If you have no knowledge of the business, and no money to invest in equipment and training then working for someone else is probably your best bet.  Don’t be discouraged, this is the best place to learn about the industry.  Most everyone in the towing business has either worked for someone else or grew up in the business.  To your advantage, towing companies must properly train their employees in order to survive and be successful.  This means that when you get hired-on you’ll be exposed (hopefully) to structured, professionally developed programs aimed at increasing knowledge and expertise, not to mention on-the-job training, which is priceless.
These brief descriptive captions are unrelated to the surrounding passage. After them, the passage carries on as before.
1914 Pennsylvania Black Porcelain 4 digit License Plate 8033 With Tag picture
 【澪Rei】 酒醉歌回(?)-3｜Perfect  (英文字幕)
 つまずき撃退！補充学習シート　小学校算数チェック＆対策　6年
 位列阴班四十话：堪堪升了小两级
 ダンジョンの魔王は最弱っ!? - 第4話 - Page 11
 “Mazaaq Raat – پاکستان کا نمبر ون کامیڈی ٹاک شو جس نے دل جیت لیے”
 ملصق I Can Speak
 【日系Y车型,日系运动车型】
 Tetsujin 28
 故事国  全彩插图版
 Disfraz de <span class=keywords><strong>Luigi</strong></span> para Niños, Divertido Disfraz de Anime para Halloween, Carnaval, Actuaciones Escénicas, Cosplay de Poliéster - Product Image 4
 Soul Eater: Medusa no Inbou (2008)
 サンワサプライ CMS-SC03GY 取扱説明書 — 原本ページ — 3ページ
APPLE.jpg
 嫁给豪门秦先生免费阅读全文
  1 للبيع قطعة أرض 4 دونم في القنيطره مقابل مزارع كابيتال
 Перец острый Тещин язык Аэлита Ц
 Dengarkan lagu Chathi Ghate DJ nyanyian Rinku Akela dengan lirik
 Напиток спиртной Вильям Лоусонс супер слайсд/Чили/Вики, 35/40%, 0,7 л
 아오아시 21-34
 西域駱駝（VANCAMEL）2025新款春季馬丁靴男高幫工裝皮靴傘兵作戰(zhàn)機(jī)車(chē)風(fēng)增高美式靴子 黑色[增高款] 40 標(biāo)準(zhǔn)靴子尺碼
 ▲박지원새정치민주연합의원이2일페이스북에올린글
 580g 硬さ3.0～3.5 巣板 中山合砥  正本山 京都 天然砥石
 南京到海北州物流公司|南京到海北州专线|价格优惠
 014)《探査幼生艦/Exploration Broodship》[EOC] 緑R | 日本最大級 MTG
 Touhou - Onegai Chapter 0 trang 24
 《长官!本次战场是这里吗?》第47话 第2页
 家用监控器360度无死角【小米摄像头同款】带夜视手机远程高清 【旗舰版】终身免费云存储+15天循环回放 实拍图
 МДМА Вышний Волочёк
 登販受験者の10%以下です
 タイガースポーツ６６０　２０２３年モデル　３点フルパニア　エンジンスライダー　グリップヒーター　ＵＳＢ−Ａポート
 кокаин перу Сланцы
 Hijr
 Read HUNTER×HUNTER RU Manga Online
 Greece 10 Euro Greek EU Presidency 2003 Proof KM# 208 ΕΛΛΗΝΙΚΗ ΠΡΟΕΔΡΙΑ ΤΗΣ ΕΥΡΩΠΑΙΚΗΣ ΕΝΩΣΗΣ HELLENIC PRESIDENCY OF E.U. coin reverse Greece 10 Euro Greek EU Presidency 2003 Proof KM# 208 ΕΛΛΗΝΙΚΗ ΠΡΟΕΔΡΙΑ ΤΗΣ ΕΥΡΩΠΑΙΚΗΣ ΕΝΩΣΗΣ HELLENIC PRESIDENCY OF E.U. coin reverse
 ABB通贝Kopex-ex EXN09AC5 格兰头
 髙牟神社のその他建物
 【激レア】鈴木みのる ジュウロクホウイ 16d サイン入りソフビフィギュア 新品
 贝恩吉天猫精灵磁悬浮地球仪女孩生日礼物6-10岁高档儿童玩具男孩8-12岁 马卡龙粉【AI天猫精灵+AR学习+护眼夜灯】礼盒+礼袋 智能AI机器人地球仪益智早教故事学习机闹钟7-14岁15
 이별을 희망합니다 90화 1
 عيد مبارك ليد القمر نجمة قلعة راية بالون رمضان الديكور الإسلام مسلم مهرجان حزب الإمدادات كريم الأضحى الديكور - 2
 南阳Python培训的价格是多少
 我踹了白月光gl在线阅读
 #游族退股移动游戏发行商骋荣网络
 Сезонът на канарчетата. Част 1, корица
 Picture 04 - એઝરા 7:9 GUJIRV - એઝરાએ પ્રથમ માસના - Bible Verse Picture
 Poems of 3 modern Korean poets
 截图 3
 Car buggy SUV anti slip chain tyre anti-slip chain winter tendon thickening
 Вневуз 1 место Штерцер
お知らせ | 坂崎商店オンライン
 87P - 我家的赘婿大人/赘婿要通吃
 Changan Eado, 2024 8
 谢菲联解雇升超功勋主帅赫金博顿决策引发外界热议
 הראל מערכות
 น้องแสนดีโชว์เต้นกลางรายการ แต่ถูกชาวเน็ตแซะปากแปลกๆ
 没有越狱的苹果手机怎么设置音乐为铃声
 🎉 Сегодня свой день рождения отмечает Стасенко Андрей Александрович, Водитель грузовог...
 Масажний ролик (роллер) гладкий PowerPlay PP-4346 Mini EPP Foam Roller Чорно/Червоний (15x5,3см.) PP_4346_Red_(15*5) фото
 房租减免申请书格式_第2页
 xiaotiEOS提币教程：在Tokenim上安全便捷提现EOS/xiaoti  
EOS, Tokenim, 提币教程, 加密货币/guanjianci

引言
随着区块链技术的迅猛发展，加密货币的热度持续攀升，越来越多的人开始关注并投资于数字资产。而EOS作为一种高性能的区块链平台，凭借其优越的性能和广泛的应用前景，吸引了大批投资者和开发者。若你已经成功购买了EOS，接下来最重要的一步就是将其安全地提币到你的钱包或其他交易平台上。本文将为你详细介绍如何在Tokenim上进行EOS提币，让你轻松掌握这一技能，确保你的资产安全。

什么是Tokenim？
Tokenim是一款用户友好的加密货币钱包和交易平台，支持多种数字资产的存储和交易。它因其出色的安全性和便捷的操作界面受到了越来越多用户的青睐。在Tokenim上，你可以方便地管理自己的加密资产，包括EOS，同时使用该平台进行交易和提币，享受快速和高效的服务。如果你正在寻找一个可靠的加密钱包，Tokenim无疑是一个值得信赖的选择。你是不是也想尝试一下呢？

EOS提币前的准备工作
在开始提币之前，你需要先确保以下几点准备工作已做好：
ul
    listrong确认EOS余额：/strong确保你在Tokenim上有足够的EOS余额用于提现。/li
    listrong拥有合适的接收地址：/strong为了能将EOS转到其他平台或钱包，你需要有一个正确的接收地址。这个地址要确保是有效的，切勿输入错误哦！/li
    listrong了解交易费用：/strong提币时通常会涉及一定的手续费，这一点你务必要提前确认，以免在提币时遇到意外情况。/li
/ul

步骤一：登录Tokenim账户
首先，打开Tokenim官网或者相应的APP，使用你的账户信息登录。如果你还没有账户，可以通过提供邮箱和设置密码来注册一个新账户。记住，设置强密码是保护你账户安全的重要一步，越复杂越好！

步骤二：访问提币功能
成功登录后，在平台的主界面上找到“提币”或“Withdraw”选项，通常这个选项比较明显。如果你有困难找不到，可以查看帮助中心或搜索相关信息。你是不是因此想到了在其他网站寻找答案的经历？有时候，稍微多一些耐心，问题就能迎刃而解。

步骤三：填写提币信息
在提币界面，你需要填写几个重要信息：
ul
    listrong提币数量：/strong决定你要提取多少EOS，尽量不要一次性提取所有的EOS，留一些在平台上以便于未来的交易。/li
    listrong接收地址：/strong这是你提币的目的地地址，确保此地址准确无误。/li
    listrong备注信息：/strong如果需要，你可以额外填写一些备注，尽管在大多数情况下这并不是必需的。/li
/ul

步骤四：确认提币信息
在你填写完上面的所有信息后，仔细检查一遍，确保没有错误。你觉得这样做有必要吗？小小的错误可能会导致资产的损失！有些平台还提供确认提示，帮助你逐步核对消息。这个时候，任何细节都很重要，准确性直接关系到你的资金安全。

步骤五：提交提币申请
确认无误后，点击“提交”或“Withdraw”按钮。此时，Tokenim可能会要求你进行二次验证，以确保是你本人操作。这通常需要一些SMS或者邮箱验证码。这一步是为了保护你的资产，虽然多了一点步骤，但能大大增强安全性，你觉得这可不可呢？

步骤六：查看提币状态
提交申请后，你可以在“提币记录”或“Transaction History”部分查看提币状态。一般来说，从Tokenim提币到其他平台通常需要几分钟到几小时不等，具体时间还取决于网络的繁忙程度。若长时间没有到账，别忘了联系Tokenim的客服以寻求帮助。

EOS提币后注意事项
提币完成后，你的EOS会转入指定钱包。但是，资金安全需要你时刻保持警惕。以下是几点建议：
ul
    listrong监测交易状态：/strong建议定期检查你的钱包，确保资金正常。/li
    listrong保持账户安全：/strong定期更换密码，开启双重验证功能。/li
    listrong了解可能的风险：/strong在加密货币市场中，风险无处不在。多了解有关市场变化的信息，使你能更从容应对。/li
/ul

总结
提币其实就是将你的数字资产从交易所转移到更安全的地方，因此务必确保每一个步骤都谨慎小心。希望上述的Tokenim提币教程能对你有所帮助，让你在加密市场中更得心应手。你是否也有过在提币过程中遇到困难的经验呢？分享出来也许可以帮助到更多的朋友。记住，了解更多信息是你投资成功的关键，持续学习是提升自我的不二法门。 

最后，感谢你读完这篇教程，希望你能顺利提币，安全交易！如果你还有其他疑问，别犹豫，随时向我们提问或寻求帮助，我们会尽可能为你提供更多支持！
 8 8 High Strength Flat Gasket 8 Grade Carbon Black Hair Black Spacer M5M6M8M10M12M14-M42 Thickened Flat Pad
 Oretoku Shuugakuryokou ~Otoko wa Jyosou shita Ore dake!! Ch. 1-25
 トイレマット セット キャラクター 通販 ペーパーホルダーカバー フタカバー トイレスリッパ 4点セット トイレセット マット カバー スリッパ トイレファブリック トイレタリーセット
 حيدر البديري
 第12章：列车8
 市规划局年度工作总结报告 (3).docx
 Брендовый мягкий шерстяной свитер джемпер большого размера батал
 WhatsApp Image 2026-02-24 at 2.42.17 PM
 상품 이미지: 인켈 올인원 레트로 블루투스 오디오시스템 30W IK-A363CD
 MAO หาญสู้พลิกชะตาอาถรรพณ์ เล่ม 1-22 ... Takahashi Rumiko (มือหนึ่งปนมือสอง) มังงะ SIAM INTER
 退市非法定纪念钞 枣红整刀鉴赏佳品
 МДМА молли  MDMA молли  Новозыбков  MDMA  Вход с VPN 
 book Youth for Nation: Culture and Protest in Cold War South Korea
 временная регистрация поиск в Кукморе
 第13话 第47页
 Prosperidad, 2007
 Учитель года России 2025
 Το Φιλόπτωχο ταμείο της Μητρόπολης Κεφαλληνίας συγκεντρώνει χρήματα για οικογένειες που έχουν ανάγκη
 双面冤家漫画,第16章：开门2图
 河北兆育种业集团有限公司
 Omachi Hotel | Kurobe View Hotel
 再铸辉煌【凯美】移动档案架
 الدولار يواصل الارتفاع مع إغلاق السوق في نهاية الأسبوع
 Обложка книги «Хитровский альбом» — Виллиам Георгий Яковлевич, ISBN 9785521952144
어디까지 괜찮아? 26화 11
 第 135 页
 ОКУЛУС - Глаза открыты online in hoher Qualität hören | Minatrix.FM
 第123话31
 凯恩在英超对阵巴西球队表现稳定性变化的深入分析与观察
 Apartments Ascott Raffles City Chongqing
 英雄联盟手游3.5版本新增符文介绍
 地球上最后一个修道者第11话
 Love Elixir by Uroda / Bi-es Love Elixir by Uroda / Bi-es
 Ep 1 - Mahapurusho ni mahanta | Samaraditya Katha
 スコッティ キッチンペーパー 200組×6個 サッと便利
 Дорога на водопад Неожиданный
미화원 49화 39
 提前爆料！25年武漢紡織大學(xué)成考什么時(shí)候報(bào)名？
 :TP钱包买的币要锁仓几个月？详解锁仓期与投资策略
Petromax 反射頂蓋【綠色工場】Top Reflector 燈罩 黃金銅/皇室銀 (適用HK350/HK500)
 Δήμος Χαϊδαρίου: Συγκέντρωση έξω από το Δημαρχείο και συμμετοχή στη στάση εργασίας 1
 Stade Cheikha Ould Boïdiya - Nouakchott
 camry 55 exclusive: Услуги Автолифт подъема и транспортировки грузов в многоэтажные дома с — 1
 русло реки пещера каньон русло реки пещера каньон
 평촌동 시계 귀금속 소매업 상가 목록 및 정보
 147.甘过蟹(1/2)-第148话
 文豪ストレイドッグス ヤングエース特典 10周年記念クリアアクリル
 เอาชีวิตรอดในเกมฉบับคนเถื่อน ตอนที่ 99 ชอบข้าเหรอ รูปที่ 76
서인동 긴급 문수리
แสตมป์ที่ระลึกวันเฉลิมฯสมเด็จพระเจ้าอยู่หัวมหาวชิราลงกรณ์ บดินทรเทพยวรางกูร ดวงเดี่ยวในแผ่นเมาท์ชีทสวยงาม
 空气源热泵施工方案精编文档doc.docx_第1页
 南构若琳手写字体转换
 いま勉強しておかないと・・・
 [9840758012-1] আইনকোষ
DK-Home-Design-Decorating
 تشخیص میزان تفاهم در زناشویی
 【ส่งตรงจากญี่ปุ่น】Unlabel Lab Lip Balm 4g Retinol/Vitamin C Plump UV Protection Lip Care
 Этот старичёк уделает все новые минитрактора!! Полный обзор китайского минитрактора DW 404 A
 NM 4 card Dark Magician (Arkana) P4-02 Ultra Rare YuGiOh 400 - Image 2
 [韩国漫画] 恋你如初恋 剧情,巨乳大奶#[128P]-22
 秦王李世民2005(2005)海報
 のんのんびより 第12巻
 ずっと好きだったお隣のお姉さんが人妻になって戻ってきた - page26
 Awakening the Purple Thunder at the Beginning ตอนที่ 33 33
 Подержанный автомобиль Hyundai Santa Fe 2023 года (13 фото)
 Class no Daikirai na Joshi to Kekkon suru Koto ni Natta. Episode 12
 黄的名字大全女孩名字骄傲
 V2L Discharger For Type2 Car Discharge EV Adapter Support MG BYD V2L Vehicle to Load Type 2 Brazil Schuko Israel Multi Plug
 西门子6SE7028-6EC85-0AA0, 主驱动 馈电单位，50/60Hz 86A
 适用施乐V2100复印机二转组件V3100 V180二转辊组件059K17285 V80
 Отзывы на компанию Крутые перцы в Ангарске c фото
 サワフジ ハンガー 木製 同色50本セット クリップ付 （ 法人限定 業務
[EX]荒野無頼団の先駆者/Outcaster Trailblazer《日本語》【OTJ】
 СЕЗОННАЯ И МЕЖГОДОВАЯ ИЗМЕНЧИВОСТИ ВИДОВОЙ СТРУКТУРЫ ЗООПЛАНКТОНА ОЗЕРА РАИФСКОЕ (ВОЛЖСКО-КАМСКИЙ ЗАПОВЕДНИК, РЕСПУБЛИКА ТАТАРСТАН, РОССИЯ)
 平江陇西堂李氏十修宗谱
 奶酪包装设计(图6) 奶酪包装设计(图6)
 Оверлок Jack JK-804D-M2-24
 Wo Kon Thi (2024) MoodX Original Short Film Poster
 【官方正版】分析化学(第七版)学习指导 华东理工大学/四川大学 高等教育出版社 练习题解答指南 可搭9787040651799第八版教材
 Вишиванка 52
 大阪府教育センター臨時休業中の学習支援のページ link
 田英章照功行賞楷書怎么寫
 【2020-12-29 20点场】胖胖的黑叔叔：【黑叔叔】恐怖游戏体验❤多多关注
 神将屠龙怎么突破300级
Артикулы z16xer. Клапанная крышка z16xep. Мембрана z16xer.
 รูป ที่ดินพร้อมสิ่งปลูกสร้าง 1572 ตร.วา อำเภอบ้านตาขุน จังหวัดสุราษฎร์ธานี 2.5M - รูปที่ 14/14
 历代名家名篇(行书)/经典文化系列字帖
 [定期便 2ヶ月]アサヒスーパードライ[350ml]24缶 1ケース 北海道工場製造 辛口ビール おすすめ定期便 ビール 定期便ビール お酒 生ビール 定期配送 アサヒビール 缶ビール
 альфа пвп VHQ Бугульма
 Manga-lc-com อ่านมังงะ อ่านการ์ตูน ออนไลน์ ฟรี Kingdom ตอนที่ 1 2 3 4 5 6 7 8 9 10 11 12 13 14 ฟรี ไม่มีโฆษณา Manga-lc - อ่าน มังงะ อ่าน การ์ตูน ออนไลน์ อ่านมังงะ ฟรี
There are basically 2 ways we humans learn things.  Either through being taught in a structured setting or through experiencing them as you go. Which do you think takes hold much quicker and moves you closer to expert status? Yes, that’s right experiential learning is much better than structured learning. In a structured setting, you’re continually distracted. You want to get all the answers right for the sake of a good score but you also want to do as much as possible, with hands-on learning, making mistakes as you go.  Experiential learning allows you to learn from your mistakes so they won’t happen in the field- So you can use what you’ve learned when you need it. Don’t misunderstand there are room and a need for structured learning but the best way to learn is by doing it and messing up a bit.  Just be sure your mess-ups don’t endanger yours or anyone else’s life.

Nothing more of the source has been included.